An assessment of satellite-derived supraglacial lake depth measurements on the Greenland ice sheet

Supraglacial lakes (SGLs) form when meltwater collects in glacial surface depressions. On the Greenland ice sheet (GrIS), SGL position is controlled by bedrock topography, meaning SGLs form in approximately the same locations each melt season. SGLs provide surface water storage and mediate the transfer of surface water to the ice sheet bed. Drainage water from SGLs has been shown to infiltrate to the base of the ice sheet and lubricate the ice sheet-bedrock interface, causing transient increases in basal sliding at the glacier margin. SGL depth is used to calculate the volume of water contained within the basin and thus the likelihood of hydrofracture caused by increased pressure from overlying water. As overlying water pressure is a function of water depth, determining the accuracy of depth estimation techniques is of the utmost importance in obtaining reliable estimates of hydrofracture likelihood and in determining SGL drainage impacts on ice sheet velocity.

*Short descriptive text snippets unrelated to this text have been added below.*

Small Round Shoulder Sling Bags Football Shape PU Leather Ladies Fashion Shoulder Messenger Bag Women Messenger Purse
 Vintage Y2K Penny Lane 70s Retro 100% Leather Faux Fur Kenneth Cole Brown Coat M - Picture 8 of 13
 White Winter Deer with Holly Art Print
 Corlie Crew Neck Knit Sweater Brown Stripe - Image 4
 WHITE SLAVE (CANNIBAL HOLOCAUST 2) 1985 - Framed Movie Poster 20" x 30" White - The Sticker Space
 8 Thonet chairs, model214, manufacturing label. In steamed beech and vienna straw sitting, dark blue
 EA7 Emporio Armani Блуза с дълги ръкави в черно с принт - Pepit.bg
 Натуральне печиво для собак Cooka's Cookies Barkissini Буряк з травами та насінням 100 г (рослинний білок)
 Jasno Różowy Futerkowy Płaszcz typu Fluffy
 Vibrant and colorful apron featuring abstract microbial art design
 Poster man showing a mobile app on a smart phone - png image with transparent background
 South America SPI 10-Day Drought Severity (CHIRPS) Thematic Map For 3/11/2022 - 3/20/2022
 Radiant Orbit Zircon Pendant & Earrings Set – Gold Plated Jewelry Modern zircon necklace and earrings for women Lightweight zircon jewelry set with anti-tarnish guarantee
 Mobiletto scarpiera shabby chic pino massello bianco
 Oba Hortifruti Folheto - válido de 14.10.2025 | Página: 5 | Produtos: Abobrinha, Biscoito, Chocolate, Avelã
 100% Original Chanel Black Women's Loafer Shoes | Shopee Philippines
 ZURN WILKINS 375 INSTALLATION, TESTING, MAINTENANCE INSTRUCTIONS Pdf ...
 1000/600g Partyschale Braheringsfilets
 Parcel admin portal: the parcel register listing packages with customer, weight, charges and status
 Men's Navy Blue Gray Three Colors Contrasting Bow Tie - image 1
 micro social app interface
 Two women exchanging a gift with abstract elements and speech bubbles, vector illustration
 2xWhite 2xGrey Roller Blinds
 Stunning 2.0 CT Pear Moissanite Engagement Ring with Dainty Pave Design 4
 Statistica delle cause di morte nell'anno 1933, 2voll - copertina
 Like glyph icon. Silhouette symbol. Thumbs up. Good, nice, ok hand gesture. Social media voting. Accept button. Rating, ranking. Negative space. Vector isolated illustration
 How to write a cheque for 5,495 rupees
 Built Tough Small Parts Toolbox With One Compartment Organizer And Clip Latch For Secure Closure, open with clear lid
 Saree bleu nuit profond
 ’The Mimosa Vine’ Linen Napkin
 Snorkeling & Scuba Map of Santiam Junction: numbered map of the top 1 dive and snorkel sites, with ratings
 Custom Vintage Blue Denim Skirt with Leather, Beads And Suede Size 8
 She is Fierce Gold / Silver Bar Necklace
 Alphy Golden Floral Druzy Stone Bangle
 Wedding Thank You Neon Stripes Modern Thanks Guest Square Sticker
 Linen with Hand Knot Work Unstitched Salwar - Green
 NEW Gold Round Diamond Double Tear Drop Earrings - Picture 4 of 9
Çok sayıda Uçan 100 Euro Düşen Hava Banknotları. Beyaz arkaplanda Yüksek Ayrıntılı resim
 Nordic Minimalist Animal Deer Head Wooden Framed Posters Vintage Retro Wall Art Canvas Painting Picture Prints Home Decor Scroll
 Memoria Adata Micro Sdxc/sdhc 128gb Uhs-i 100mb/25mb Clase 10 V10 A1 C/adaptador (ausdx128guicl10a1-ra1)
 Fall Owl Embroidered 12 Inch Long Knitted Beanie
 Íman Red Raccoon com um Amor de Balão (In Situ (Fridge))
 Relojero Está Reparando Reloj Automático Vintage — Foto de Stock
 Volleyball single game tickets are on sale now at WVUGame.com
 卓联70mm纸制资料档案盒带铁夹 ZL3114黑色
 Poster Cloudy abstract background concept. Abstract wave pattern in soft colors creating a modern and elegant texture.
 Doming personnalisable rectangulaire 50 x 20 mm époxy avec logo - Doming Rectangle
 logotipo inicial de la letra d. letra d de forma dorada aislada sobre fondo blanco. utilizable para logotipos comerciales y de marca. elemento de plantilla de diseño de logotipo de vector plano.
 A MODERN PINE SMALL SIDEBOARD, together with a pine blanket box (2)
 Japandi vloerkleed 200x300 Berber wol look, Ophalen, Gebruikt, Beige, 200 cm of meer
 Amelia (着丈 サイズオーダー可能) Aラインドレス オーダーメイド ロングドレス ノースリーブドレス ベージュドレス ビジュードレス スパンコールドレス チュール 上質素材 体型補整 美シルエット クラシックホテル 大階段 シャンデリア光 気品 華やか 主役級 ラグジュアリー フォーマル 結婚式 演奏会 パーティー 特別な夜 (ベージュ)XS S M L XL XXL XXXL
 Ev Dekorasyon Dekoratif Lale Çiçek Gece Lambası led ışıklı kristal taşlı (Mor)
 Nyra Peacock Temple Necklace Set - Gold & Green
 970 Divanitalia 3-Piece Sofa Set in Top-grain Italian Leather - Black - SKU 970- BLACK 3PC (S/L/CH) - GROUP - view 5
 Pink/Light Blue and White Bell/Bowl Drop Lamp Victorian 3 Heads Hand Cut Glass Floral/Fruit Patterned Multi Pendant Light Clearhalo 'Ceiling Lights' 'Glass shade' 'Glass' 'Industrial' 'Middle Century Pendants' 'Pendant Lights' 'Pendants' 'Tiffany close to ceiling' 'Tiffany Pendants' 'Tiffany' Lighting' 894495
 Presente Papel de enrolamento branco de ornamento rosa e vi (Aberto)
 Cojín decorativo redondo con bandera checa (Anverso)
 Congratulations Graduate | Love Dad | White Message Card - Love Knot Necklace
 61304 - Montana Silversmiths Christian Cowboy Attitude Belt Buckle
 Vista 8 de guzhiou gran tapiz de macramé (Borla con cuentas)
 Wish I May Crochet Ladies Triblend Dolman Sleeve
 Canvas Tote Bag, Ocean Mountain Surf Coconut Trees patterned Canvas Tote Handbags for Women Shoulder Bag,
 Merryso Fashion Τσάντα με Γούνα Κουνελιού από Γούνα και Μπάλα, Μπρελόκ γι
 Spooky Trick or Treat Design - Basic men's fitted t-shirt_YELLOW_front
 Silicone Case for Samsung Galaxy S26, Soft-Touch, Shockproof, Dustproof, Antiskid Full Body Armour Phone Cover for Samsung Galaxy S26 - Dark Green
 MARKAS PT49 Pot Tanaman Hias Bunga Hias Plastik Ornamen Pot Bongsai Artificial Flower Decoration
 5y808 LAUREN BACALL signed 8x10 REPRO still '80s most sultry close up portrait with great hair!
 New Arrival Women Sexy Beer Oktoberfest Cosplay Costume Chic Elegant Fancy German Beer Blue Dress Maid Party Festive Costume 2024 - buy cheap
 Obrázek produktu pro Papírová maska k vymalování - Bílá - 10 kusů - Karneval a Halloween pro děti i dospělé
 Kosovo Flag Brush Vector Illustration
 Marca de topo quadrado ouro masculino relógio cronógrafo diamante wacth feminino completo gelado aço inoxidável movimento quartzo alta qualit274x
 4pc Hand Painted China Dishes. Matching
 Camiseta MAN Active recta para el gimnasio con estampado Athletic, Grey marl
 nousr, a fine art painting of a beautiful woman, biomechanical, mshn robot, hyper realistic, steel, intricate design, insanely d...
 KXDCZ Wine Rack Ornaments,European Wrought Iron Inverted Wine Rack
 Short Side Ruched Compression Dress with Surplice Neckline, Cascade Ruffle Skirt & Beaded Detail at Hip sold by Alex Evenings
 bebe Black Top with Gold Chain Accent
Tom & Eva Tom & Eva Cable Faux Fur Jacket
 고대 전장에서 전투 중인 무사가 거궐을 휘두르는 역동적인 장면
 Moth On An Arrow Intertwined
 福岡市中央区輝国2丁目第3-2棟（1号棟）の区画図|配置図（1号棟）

Here, we present the results of an intercomparison of SGL depth measurements focused on the Watson River region of the GrIS. Previous studies have derived SGL depth by applying the Philpot (1989) radiative transfer equation to satellite-derived optical imagery. These results proved difficult to validate until recent advancements in remote sensing which allowed us to compare the radiative transfer-derived depths to laser altimetry measurements and high-resolution digital elevation modelling. Previous research has separately investigated the use of the Philpot (1989) radiative transfer equation, laser altimetry and digital elevation models, but none have intercompared all three.

This research compares estimates of SGL depths in the Watson River region in southwest Greenland that have been derived using three satellite-based approaches; 1) by applying the radiative transfer equation proposed by Philpot (1989) to Sentinel-2 optical satellite imagery, 2) using ICESat-2 laser altimetry and 3) from ArcticDEM digital elevation models.

Using the radiative transfer equation, we find the green band overestimates SGL depth and the red band underestimates SGL depth (with caveats) compared to ICESat-2 transects and digital elevation models. In summary, we achieve the first comprehensive intercomparison of these methods and provide insight into the strengths and potential limitations of each method, including levels of agreement between datasets, and associated uncertainties. This work helps to improve confidence in radiative transfer-derived estimates of SGL depth and volume and, consequently, quantitative estimates of meltwater storage on the surface of the GrIS. This research is associated with ESA’s Polar+ 4DGreenland study.